**About this task:** Set down the data below exactly; pictures stay out.

(Pictures with short captions)
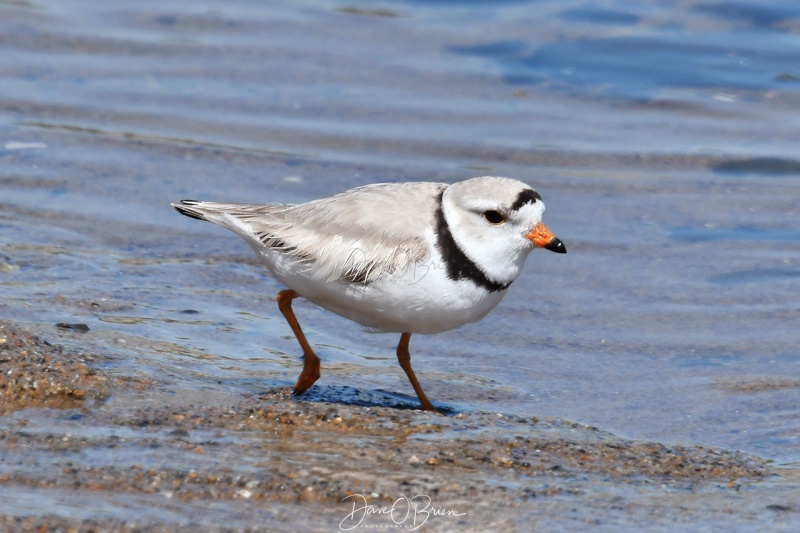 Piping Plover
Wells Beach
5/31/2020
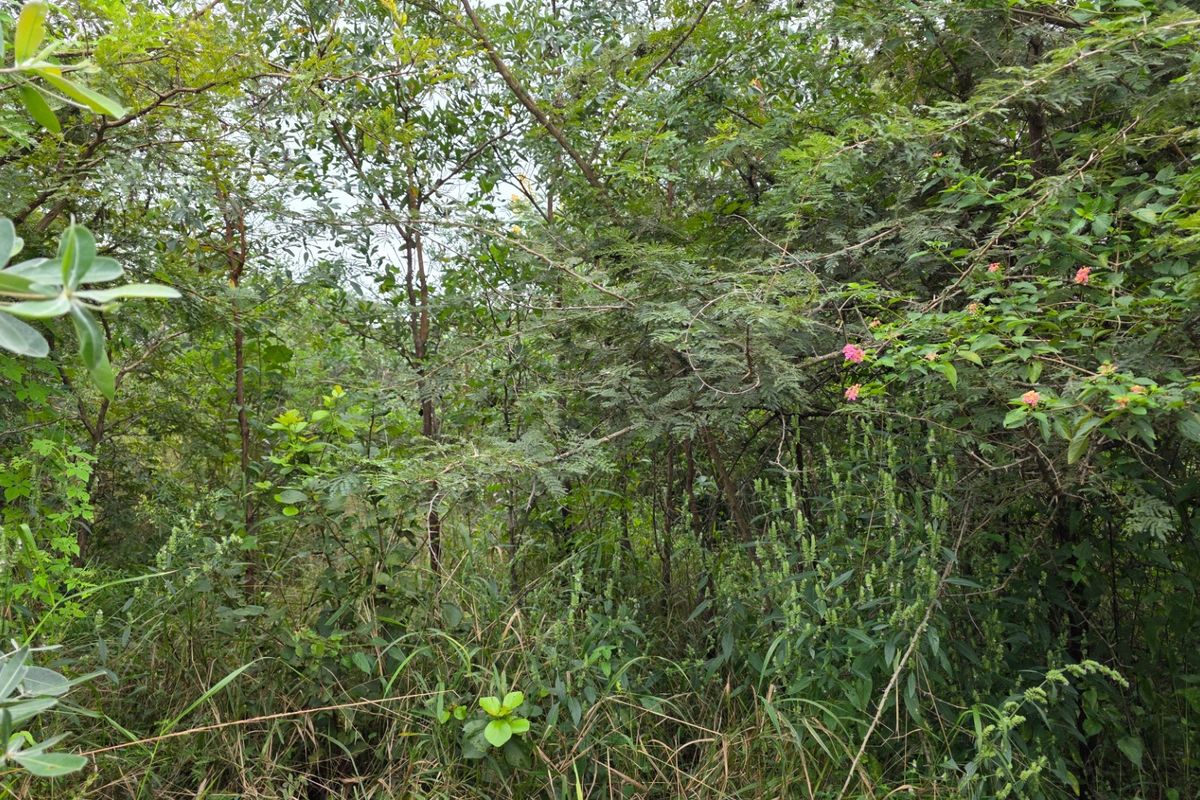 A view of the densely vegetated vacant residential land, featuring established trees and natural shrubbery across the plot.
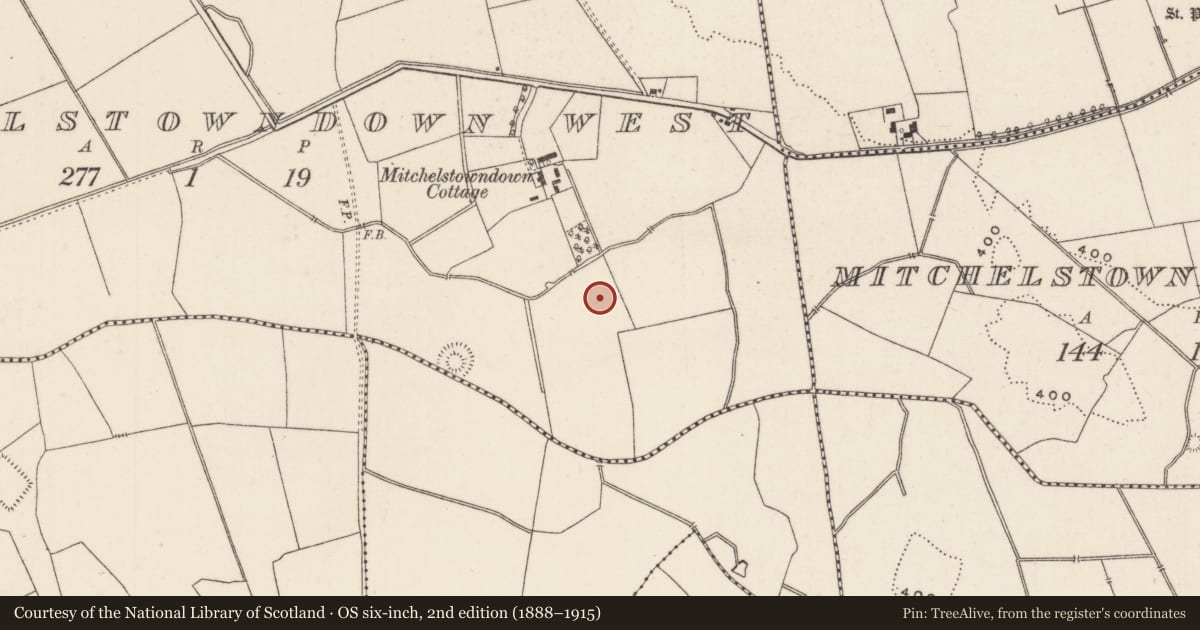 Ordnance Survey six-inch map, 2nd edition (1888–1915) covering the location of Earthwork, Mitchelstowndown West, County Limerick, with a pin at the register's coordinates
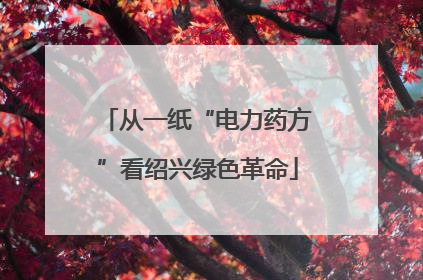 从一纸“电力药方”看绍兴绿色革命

**Response for this exercise:**
 Piping Plover
Wells Beach
5/31/2020
 A view of the densely vegetated vacant residential land, featuring established trees and natural shrubbery across the plot.
 Ordnance Survey six-inch map, 2nd edition (1888–1915) covering the location of Earthwork, Mitchelstowndown West, County Limerick, with a pin at the register's coordinates
 从一纸“电力药方”看绍兴绿色革命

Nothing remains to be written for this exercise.